Who am I, you may ask, to set myself this
agenda? Let me tell you. I am an expatriate
Englishman, an Episcopal pastor by calling and a
Reformed theologian by trade, who in 1945, soon
after his conversion, was given a copy of
Charles G. Finney's Lectures on Revivals of
Religion (1835), and who since that time
has carried a personal burden of concern for the
renewing of God's people through a fresh
outpouring of the Holy Spirit. On this subject I
have spoken repeatedly, written occasionally,
and thought constantly throughout those years.

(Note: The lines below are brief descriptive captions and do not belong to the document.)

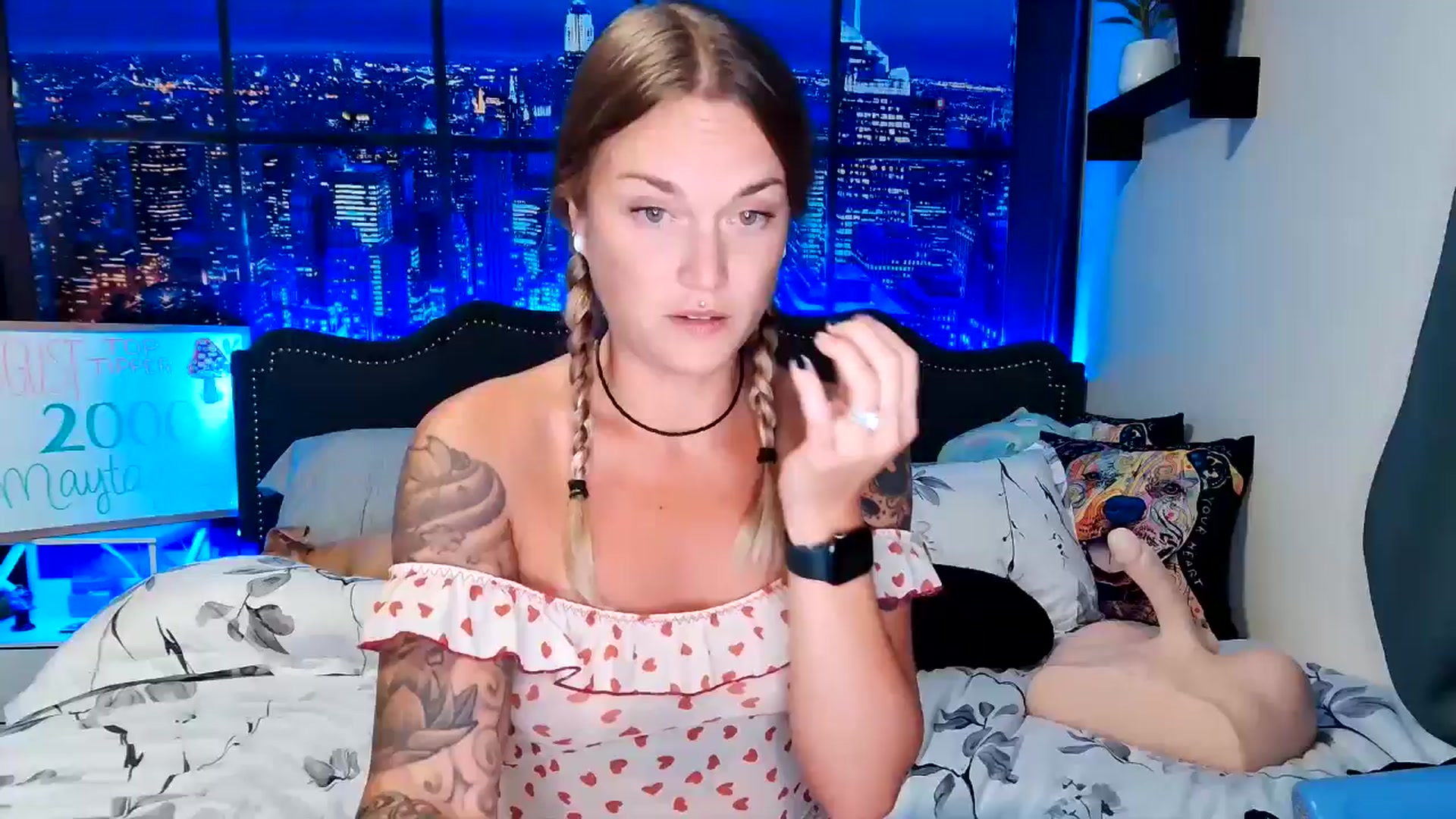 Gallery image thumbnail from Rose_Kitten's myfreecams stream on, 08/28/2024, 01:41 image 1 of 20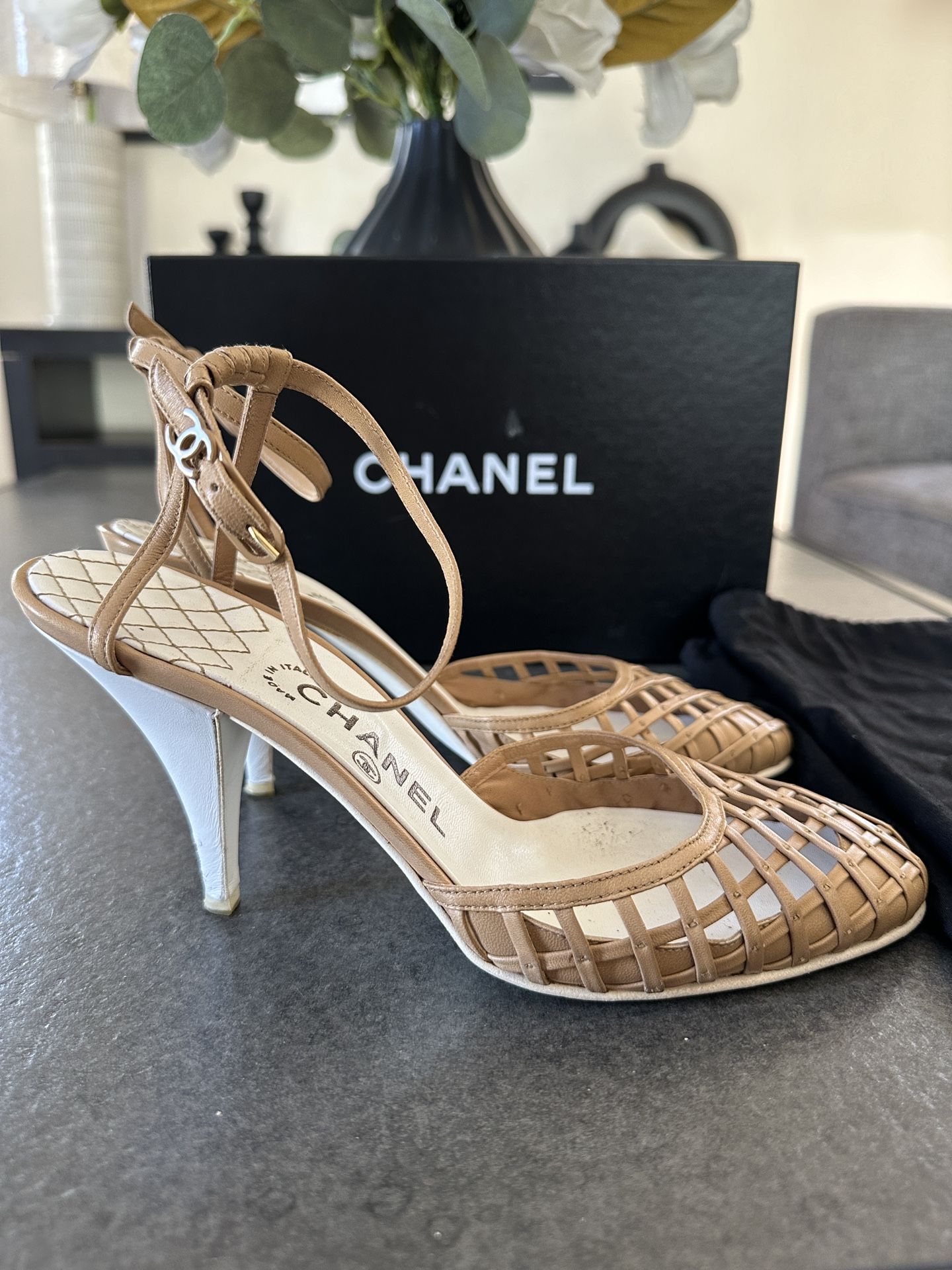 Chanel Pumps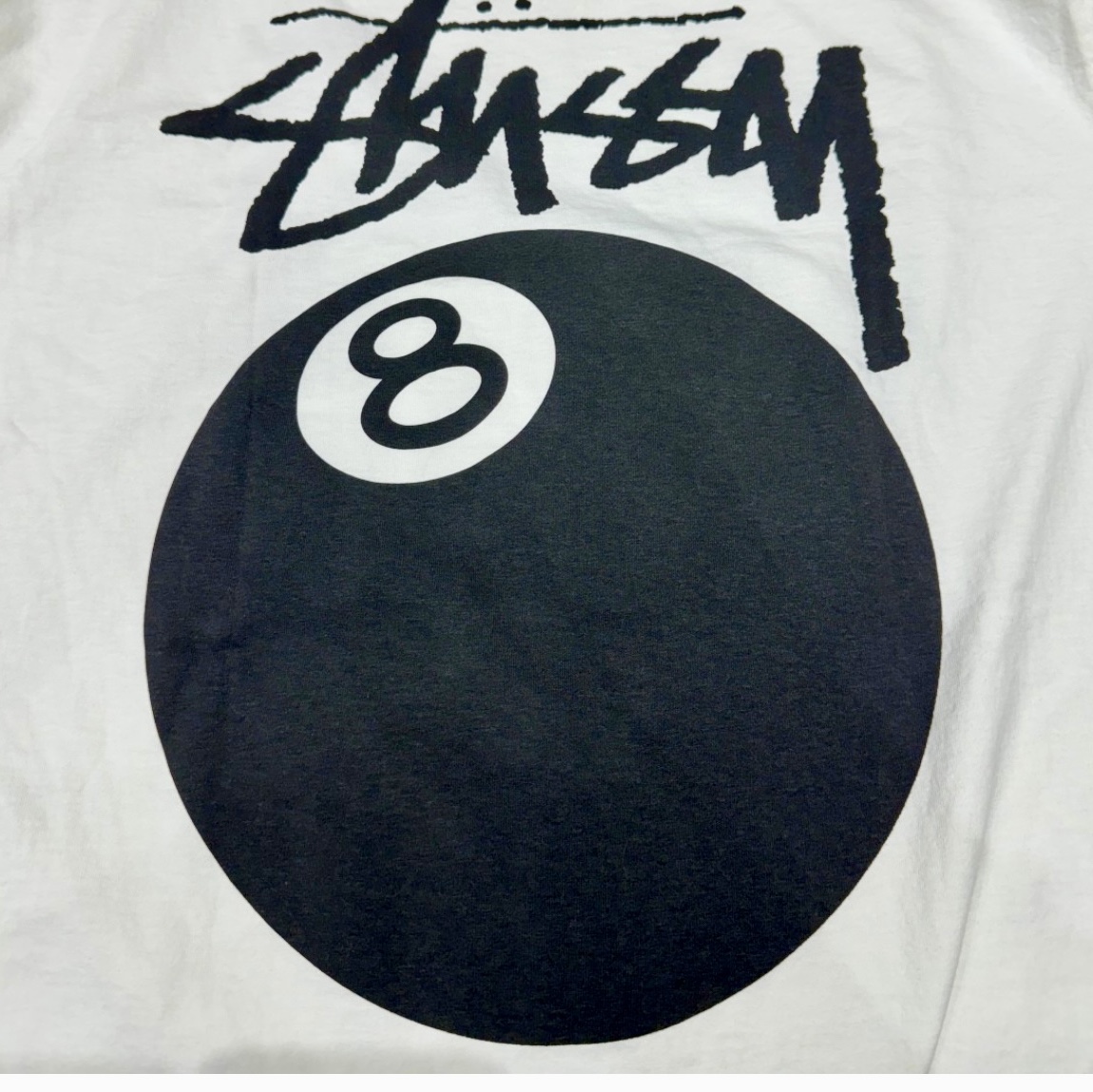 Stussy 8 Ball Pigment Dyed T-Shirt Natural 착용 스타일 - 2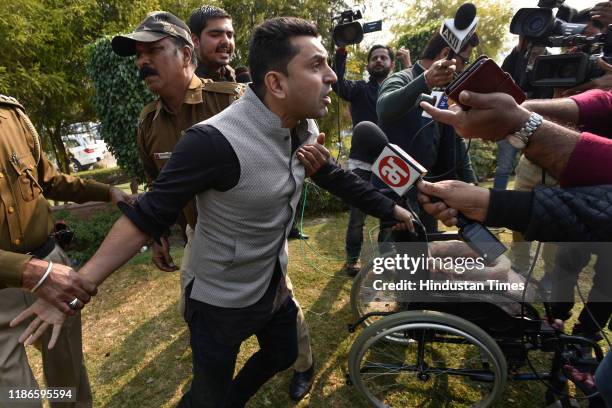 Tehseen 37 Tehseen Poonawalla Stock Photos, High-Res Pictures, and Images ...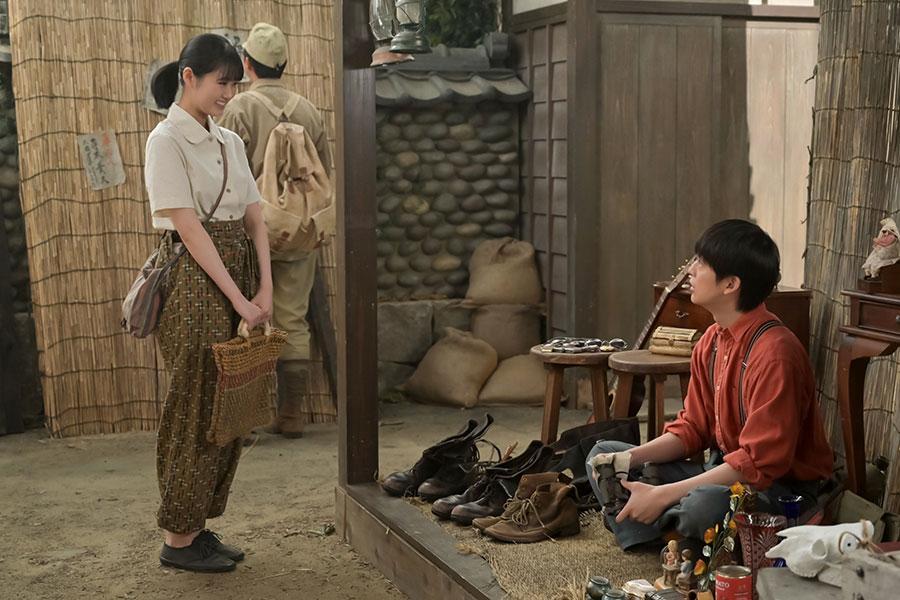 『あんぱん』第７４回より。健太郎（高橋文哉）のもとを訪れたのぶの妹・メイコ（原菜乃華）（Ｃ）ＮＨＫ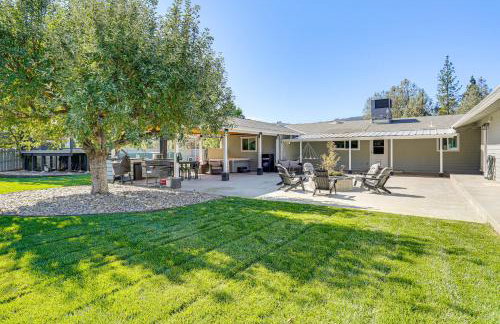 Backyard Oasis with Hot Tub and Views Weaverville Gem - Foto 25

Now I seek to enlist you for the pursuit of the
same interest, and I am grateful for the
opportunity to do so.
There is, however, one thing that I need to say
at the very outset about the manner of pursuing
an interest of this kind, Renewal in all its
aspects is not a theme for dilettante debate,
but for humble, penitent, prayerful, faith-full
exploration before the Lord, with a willingness
to change and be changed, and if necessary to be
the first to be changed, if that is what the
truth proves to require. To absorb ideas about
renewal ordinarily costs nothing, but to enter
into renewal could cost us everything we have,
and we shall be very guilty if, having come to
understand renewal, we then decline it. We need
to be clear about that. John Calvin once
declared that it would be better for a preacher
to break his neck while mounting the pulpit if
he did not himself intend to be the first to
follow God. In the same way, it would be better
for us not to touch the study of renewal at all
if we are not ourselves ready to be the first to
be renewed. I speak as to wise men; please judge
what I say.
By what method, now, shall we approach our
subject? Here the gates of two "by-path
meadows,' to use Bunyan's phrase, stand
invitingly open. First, it is tempting to come
at the renewal theme sociologically.
That would mean defining "the Christian people'
in external and institutional terms, as an
organized association with specific goals;
equating renewal with the achieving of those
goals; and then occupying ourselves in pragmatic
reflection on what structural and attitudinal
changes would have to be engineered in order to
realize these goals in a statistically
measurable way. The idea that the church's
health problems can be solved by such
manipulation is not unfamiliar, at least to
members of major Protestant denominations in
North America; analysts both inside and outside
denominational headquarters do a great deal of
thinking at this level. Nor do I dismiss such
analysis as useless; on the contrary, it does
much to make us aware of lacks and needs in the
church's life. But I urge most emphatically that
the renewal of the church is in essence a
spiritual and supernatural matter, a work of the
Holy Spirit enriching our fellowship with the
Father and the Son, and it takes more than
clever social engineering to bring this about.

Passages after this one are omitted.